Alaska shoreline and islands shrouded in fog

I am going to tell you a story. It is a story of pain, bloodshed, resilience, and survival. It is a story passed down in my family through oral tradition that runs through my veins. It is my history. 

It begins in Unalaska, an Aleutian island that chains west of the Alaskan mainland. Our Native community, the Qawalangin, lived in harmony with nature and the neighboring Aleutian tribes. There was a respect for their surroundings: the seasonal shift between the snap-cold long winter nights and the fresh endless summer days, the thriving ecosystem of wildlife, and even the smell of the ocean at sunrise. 

Hunting was only done out of necessity, and every part of the animal was used. The meat provided nourishment, hollow organs insulation, bones became tools and fat fueled fires. Hunters would kayak out to sea and ask the ocean for its grace, and when an animal was caught, they would ask for the blessing of the animal’s spirit. Everything was connected through a spiritual language, an unwritten, unifying language that transcended the tribes and their dialects. 

Then, one day, foreign people came on big ships, speaking a strange language that lacked the transcending kindness. Their language was laced with material greed and shrouded in religious doctrine. They were explorers of the Russian Empire, seeking to expand their capital and spread the word of the Russian Orthodox Church. Soon after they arrived in 1741, the Russians focused on a discovery: the abundance of fur seals. 

The northern fur seal was a thriving species in the region, and its relationship with my ancestors was imperative to their survival.
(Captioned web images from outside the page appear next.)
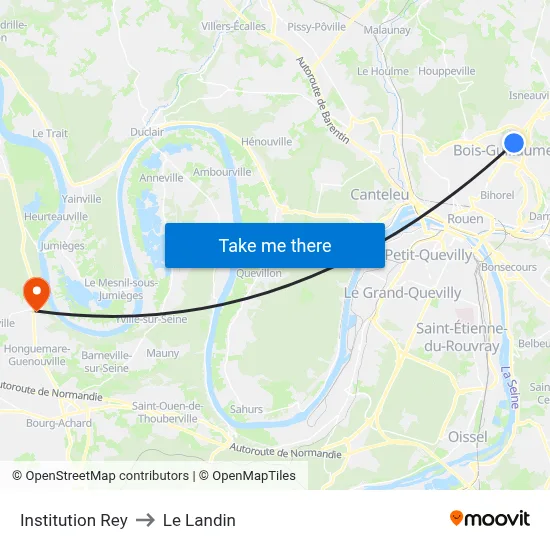 Institution Rey to Le Landin map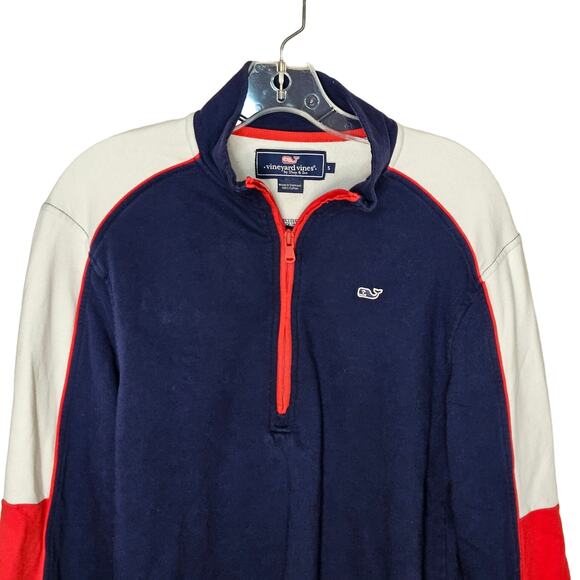 Vineyard Vines Mens S Jacket Active Quarter Zip Cotton Color Block VTG Y2K Whale - Picture 3 of 13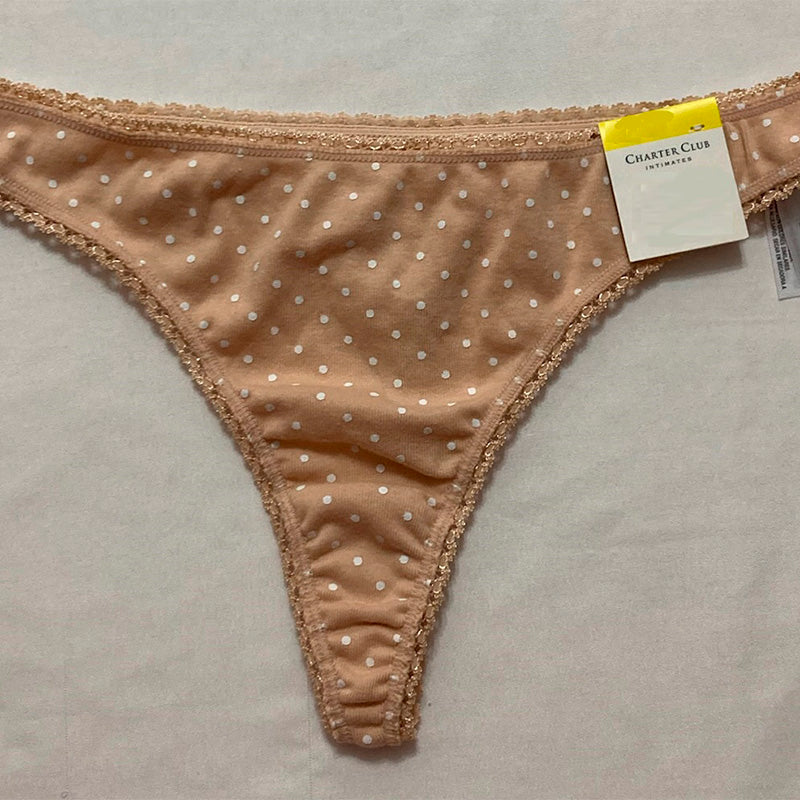 Charter Club Everyday Cotton Lace-Trim Thong Almond Latte XL
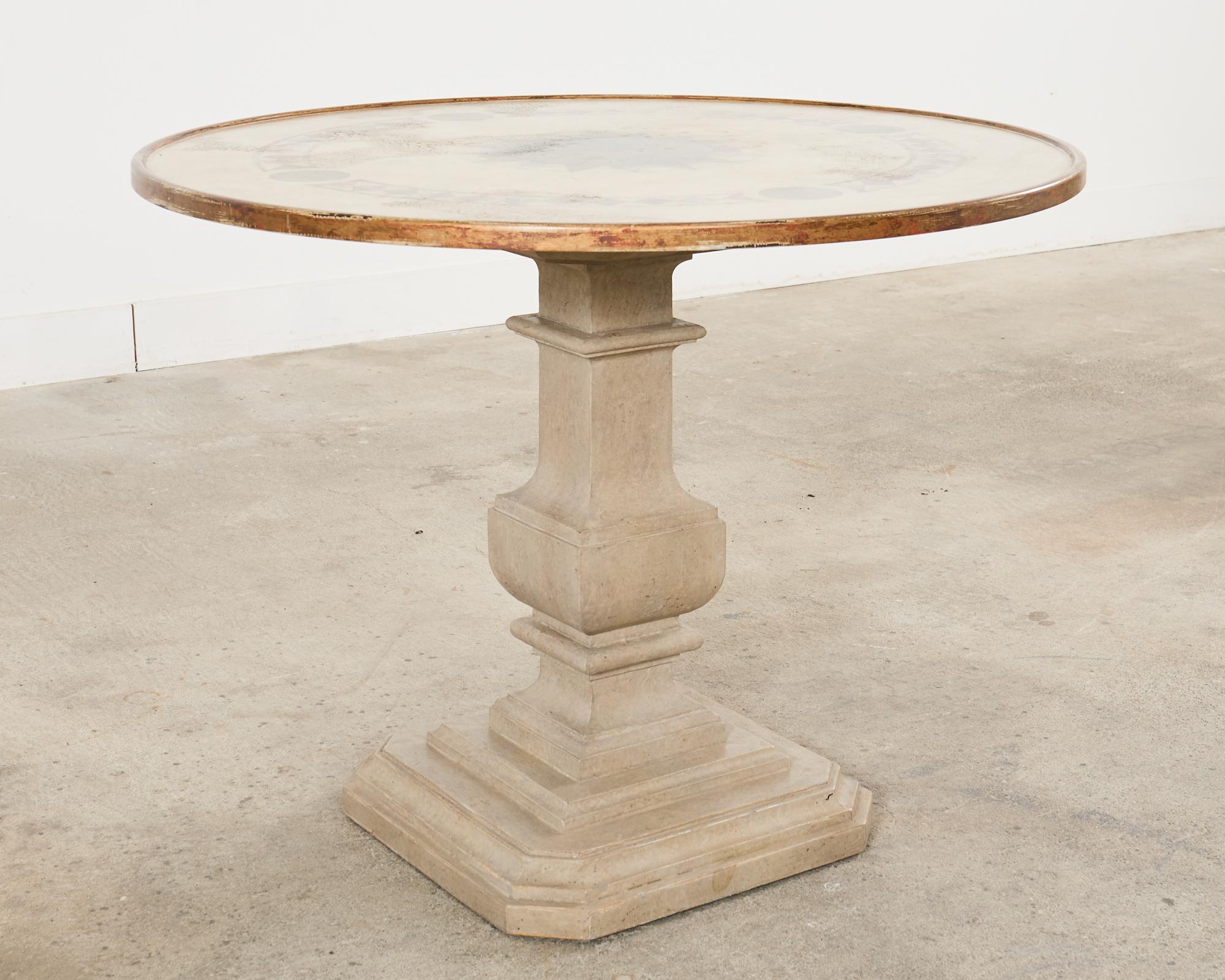 20th Century Neoclassical Style Faux Limestone Lacquered Center Table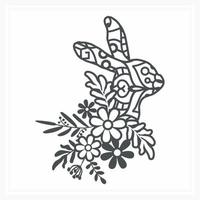 mandala lapin avec fleur. vecteur, dessin au trait vecteur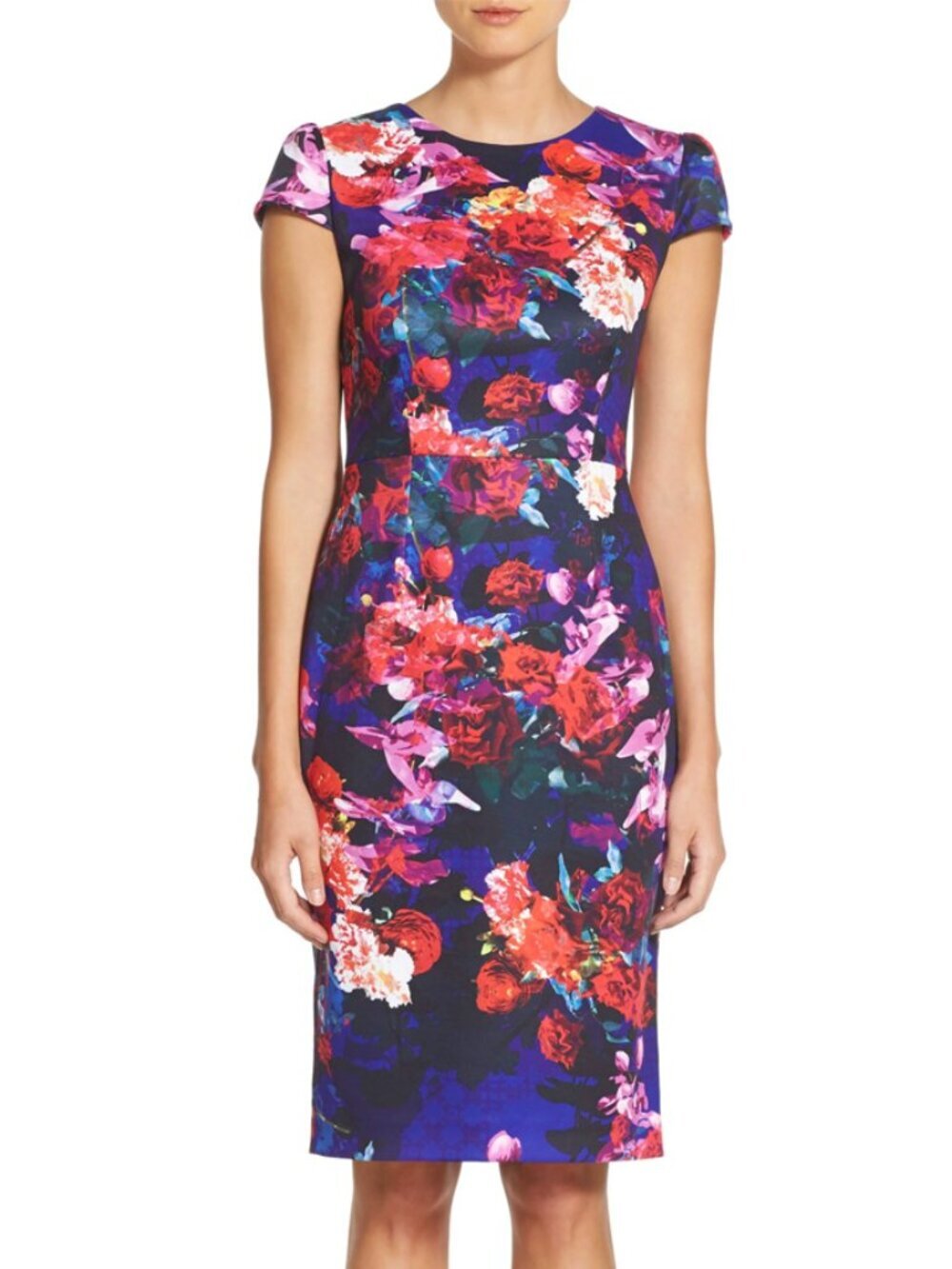 Betsey Johnson Purple Floral Stretch Sheath Dress Size 2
The Aleutians knew the nature of the fur seal, when to hunt the animal, and when to show respect and leave them in peace. However, to the Russians, this species was a goldmine that could be exploited for fur trading, particularly with the Empire of China. The Russians began sending fur hunters to the region but quickly realized that their hunters lacked the skill and patience—the spiritual connection and respect—that the Aleutian hunters practiced. 

The Russians began pillaging villages, robbing them of their fur and resources, and leaving my ancestors no choice but to negotiate with these oppressors. What started as an offer of Aleutian servitude in exchange for preserving their families, devolved into the widespread enslavement of thousands of Aleutians at the hands of the Russian Empire. Once enslaved, the Aleutians were forced to turn against their culture, no longer living in harmony with nature. 

Within the hunting culture of the Aleutian tribes, there were certain islands and hunting grounds that were respected and kept off limits to maintain a balance within the aquatic ecosystem. Among these protected grounds were the Pribilof Islands, the region’s primary fur seal mating grounds, north of the Aleutian chain. Known as Amiq by the Aleutians, the islands located 240 miles north, were discovered by Gavriil Pribylov in 1786, and renamed St. Paul and St. George, after key figures within the Russian Orthodox religion. These islands were respected and left uninhabited by the Natives, but that soon changed with the rise of the profitable fur industry. 

The Russians quickly established a hunting and trading system on the islands, forcing Aleutian hunters to kill the fur seals for their pelts. But the Russians went even further. Fueled by greed, the Russians insisted the pelts be undamaged to retain the most value. They punished anyone who damaged the fur in the killing of the animal and, ultimately, forced Aleutian hunters, my ancestors, to club the fur seals to death. My ancestors were forced to beat the fur seals for hours, bearing witness to their screams, regardless of their age or sex, on ceremonial grounds. Once the pelts were taken, the entirety of the animal was tossed into the ocean and wasted. The Pribilof Islands became a bloodbath, bringing riches to the Russians and psychological destruction to the Aleutians. 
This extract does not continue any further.